ニュースのポイント
就活で多くのみなさんが関わる会社にリクルートがあります。そのリクルートホールディングス(HD)が東京証券取引所第1部に株式を上場しました。企業価値を示す
時価総額は約1兆9000億円でソニーや東芝と肩を並べました。今年最大の上場で、1990年以降でも3番目の大型上場です。集めた資金で海外企業を買って、人材サービス世界一をめざします。将来、独立して起業したいという人にとってリクルートは特別な存在でもあります。
今日取り上げるのは、経済面(9面)の「リクルート上場 1.9兆円/海外企業の買収加速へ/時価 90年以降3番目」です。
記事の内容は――リクルートHDの峰岸真澄社長は「2020年をめどに人材サービスで世界一、30年をめどに販売促進の分野でも世界一をめざす」と宣言した。同社は、人材を起業に派遣したり紹介したりする「人材サービス」のほか、旅行や住宅などの情報を冊子やネットで紹介して販売を促す「販売促進」も展開している。1962年の学生向け求人情報誌に始まり、旅行情報誌「じゃらん」、結婚の「ゼクシィ」など「マッチング(結びつける)」ビジネスモデルと、「モーレツ営業」で成長してきた。2007年から海外事業を本格化し、海外企業の買収も重ねて世界16カ国に展開中。今後は海外の売上高を現状の23%から5割に引き上げることをめざす。2014年3月期の売上高は過去最高の約1兆2000億円だが、世界最大手のアデコ(スイス)の3分の1に満たない。
(東京本社発行の朝日新聞朝刊最終版から)
就活アドバイス
就職情報サイトでは、なんといっても「リクナビ」が有名です。「朝日学情ナビ」のライバルではありますが、サイトによる就活を広めて定着させた会社ですから、取り上げないわけにはいきません。

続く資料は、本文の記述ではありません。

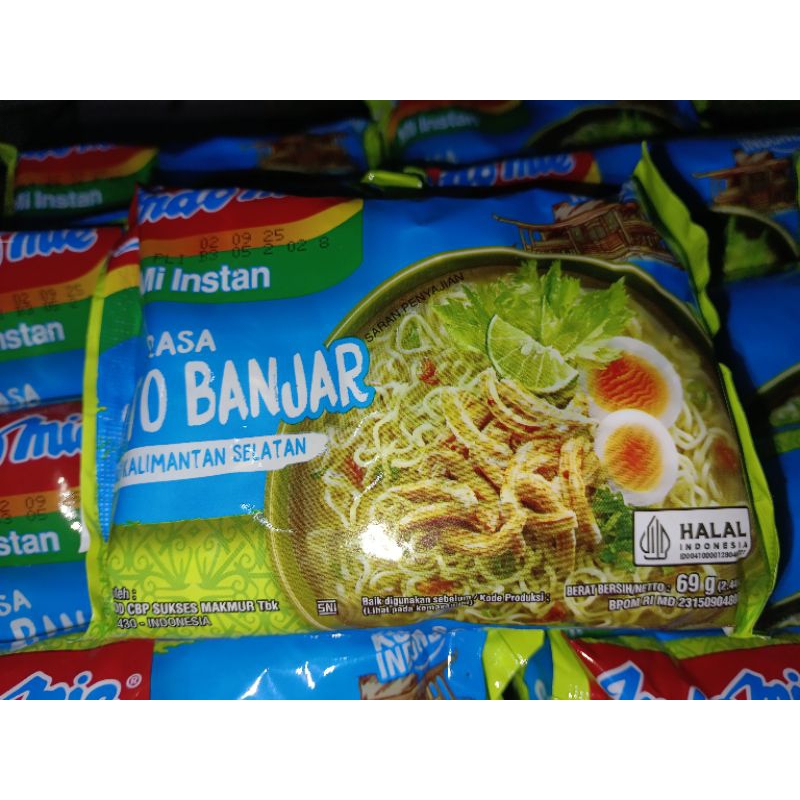 

Indomie rasa Soto Banjar Khas Kalimantan Selatan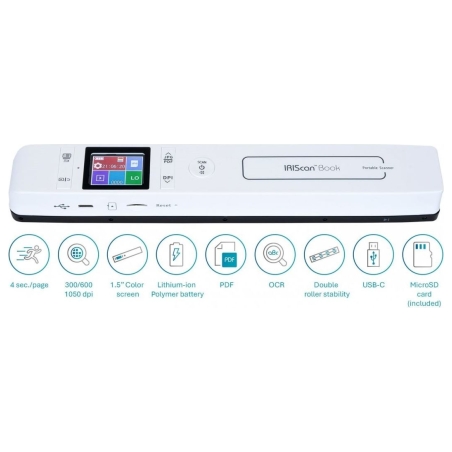 Iris IRIScan Book 7 | Handheld Scanners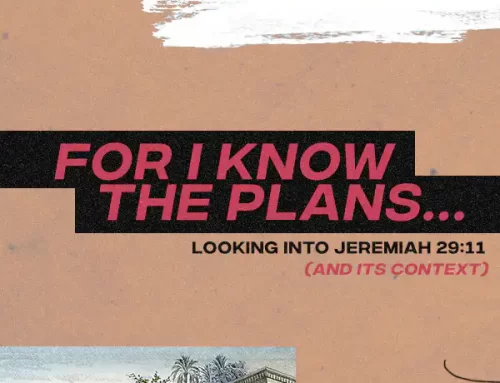 For I Know the Plans…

株式の上場とは、会社が発行する株式を証券取引所でだれでも売り買いできるようにすることです。ふつう会社をつくるときは株式を社長の身内や知人ら限られた人だけに売り、上場はしません。事業拡大のためにもっとお金が必要になった会社が審査を経て上場します。株式が高値で売買されるようになれば、新しい株式を発行し、事業に使うお金をさらに増やすことができます。上場は企業が「一人前」になった証しとも言われ、知名度や信用力が上がり優秀な人材も集めやすくなります。一方で、経営情報を公開し、もうけを配当して株主に還元する責任も求められます。短期の利益を求める株主の声にも答えなければならず、経営の自由度は落ちます。リクルートは国内で事業展開する資金は上場しなくてもまかなえる姿勢でしたが、海外展開を本格化するためにはM&A(合併・買収)などに多額の資金が必要と判断し、上場に踏み切ったわけです。
株式上場については、4月15日の今日の朝刊「株式上場する企業に注目」や、今週アップした業界トピックス「すかいらーく 8年ぶりに再上場 郊外から駅前へシフト」でも書いています。読んでみてください。
リクルートは、終身雇用が当たり前の日本の伝統的な企業とはまったく異なる風土の会社です。キーワードは新規事業とモーレツ営業。若いころから社内で新規事業に携わって起業のノウハウを学べるため、30代での転職、起業が当たり前。入社時から「リクルートで事業を学んで、いずれ独立します」と公言する社員が多く、定年前の退社を社内では「卒業」と呼ぶそうです。モーレツ営業では、一つのビルの1階から最上階まですべての入居企業にアポなしで飛び込み営業をかける「ビル倒し」が有名です。1988年のリクルート事件も、不動産関連の新規事業の株式をめぐって起きました。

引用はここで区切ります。